Костя ушёл довольный. Костя меня любит. Костя считает, что я толковая, но робкая, и что меня надо поддерживать.
Этот кусок я написала сама. Полтора года назад, ночью, за один присест. Костя об этом не знает — я тогда не стала ставить своё имя. Я редко ставлю своё имя.
Так удобнее. Когда тебя держат за ту, что путается даже в простом, тебе показывают всё. Я за два года в этом здании узнала, у кого пароль приклеен к монитору на жёлтой бумажке (у троих), кто уходит раньше всех и не закрывает компьютер (у начальника соседнего отдела), кто на чьём месте сидит, кто кого боится, у кого ключ от серверной лежит в верхнем ящике без замка. Меня всему этому никто не учил. Мне это всё показали сами — потому что людям спокойнее рядом с тем, кто, как им кажется, глупее. Они расслабляются. Они оставляют двери открытыми.
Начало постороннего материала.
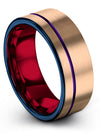 Tungsten Wedding Bands Woman&#39;s 18K Rose Gold Purple Wedding Band for Men - Charming Jewelers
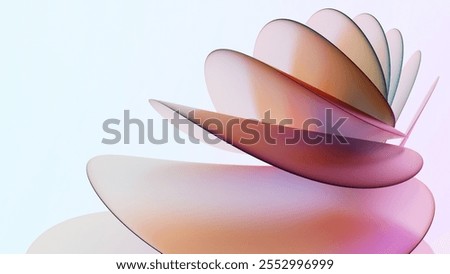 3D Abstract Iridescent Composition Background with Colorful Light Glass Effects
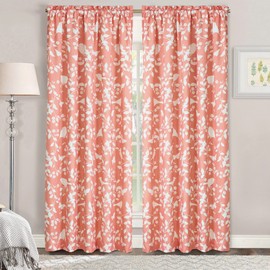 Home Soft Things Microfiber Bird Song 2 Piece Birdsong Curtain Set, Light Filtering Printed Curtains for Living Room Dining Room Bedroom, Long Semi Set of 2 Panels, Coral, Each Panel 60" x 96"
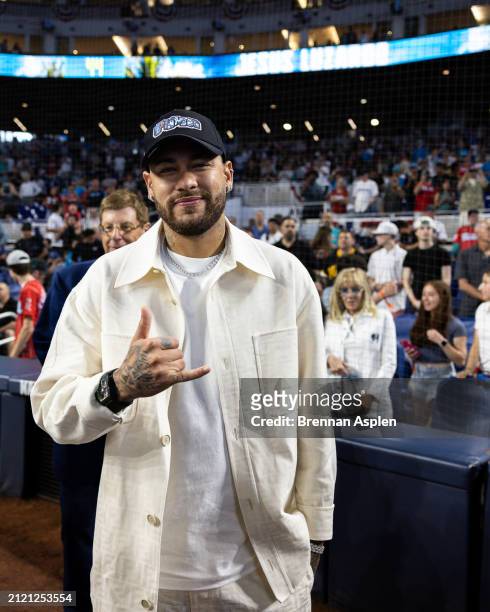Neymar Jr. Attends the game between the Miami Marlins and the Pittsburgh Pirates on Opening Day at loanDepot park on March 28, 2024 in Miami, Florida.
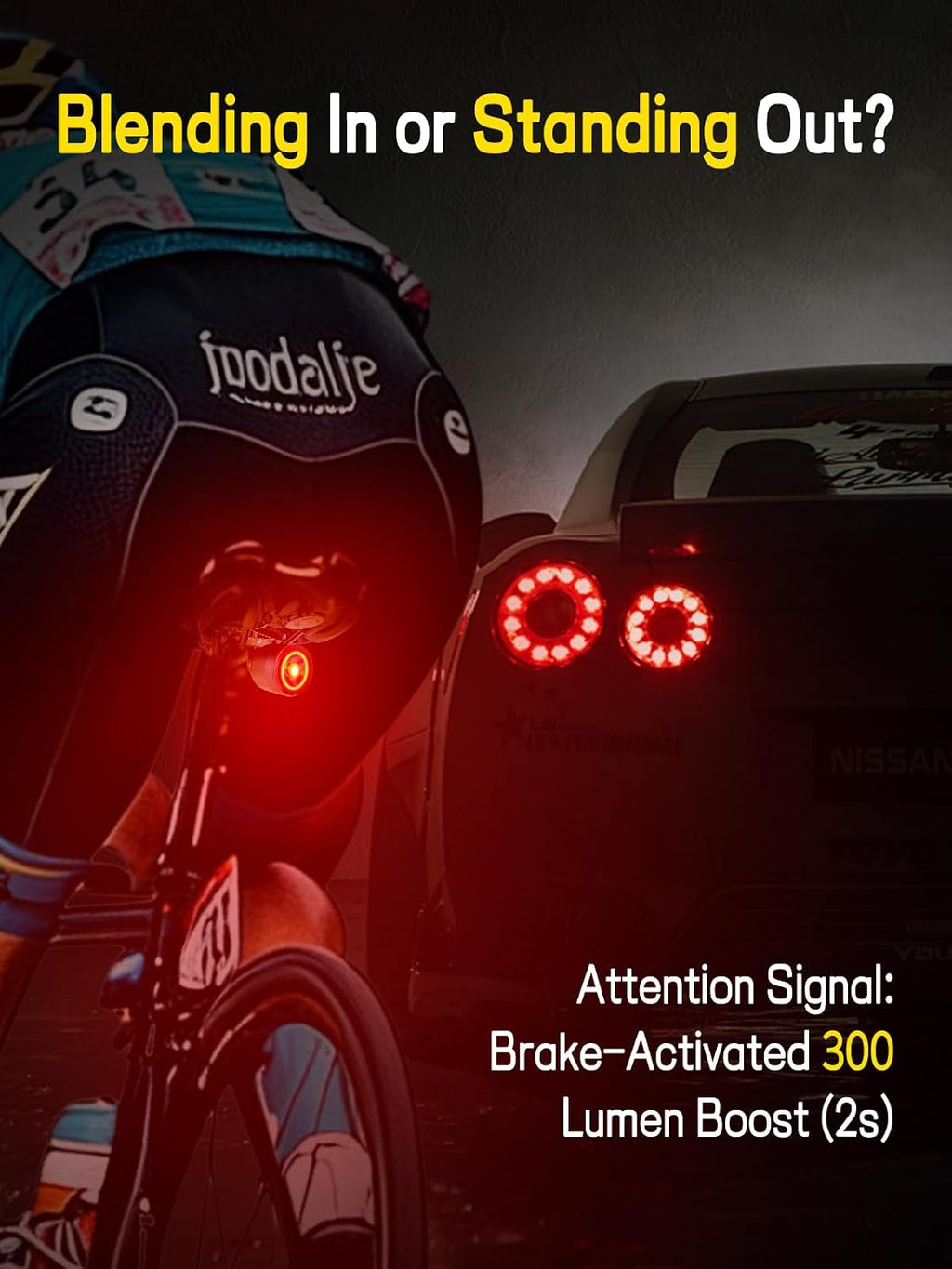Variable Brightness Bike Tail Light with Dual-Button Control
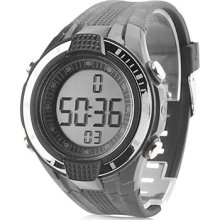 Unisex Rubber Digital LED Wrist Sports Watch (Black)
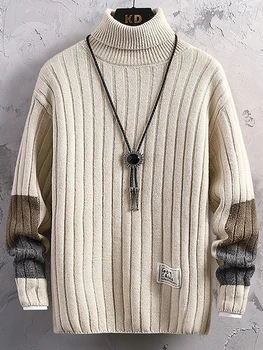 Тонкие трикотажные топы, мужские Осенне-зимние Водолазки, Вязаный пуловер с длинным рукавом, свитер Хорошего качества, Весенне-осенний пуловер A245 14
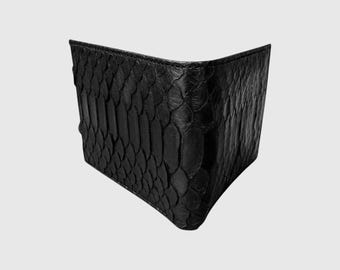 Tarjetero de auténtica piel de serpiente, pitón negra auténtica, regalo para él, cartera de piel de serpiente, cartera de pitón, regalo de Navidad, regalo artesanal para él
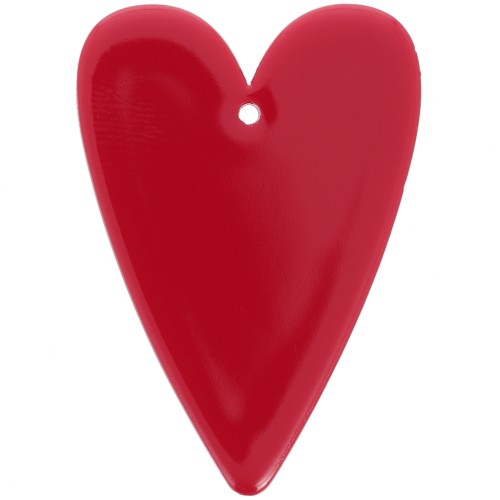 34x24mm acrylic heart pendant - Red x1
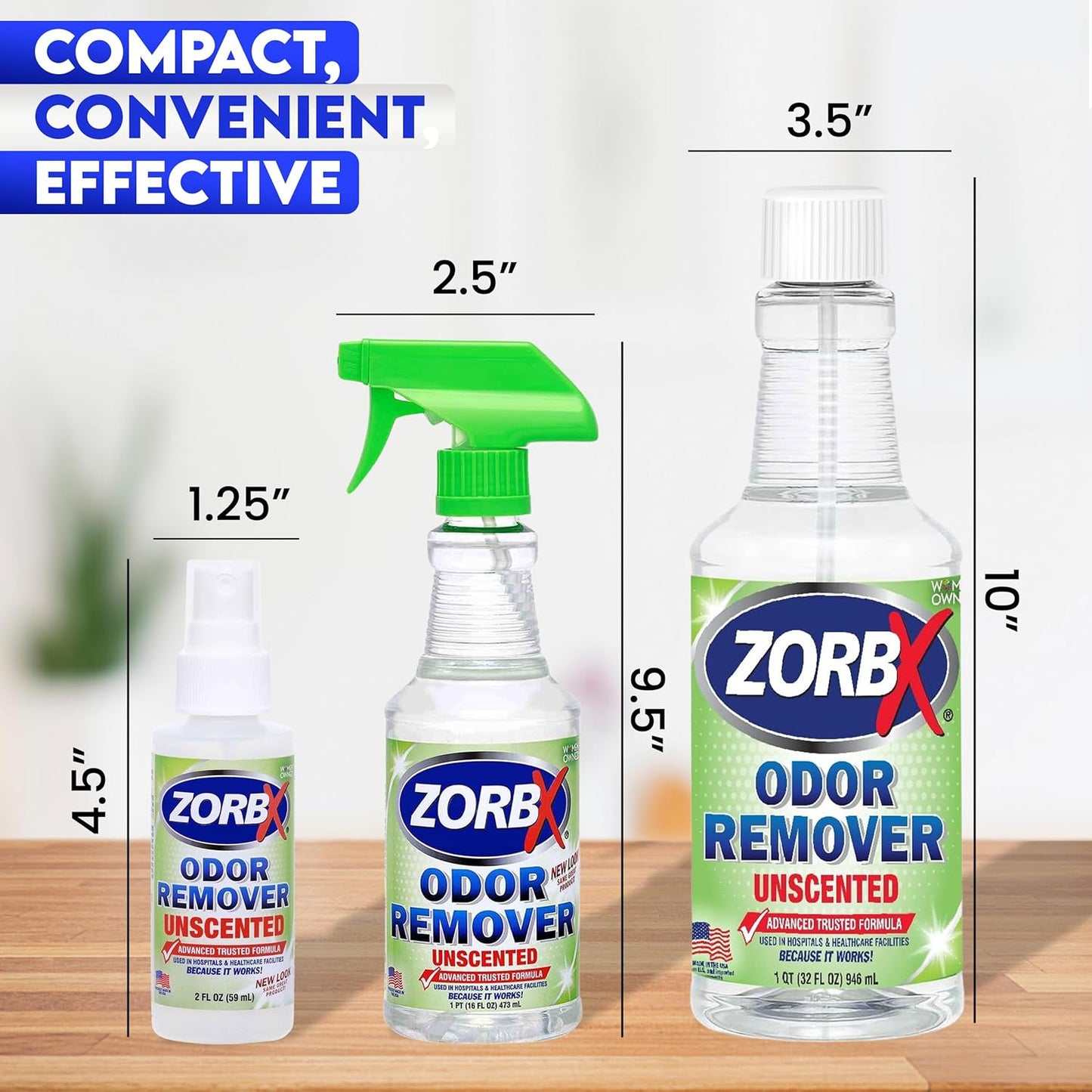 ZORBX Unscented Odor Eliminator for Strong Odor 2 Fl Oz, Pack of 1 - Used in Hospitals & Healthcare Facilities - Advanced Formula, Fast-Acting Odor Remover Spray for Dog, Cat, House & Carpet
Я два года хожу по этому офису сквозь открытые двери. Тихо, в коричневом джемпере, с двумя косичками, мимо камер, которых будто не замечаю. Меня здесь видят все и не помнит никто. Это я и строила.
Меня зовут Соня Климова.
Климова — фамилия моей мамы. Я взяла её в восемнадцать, когда поняла, что с другой фамилией меня не возьмут туда, куда мне надо. С другой фамилией я слишком заметна. А мне нельзя быть заметной — мне нужно быть точной.
Это разные вещи. Заметность — это шум. Точность — это тишина. Я всю свою сознательную жизнь глушу в себе шум, чтобы осталась тишина, в которой я не ошибаюсь.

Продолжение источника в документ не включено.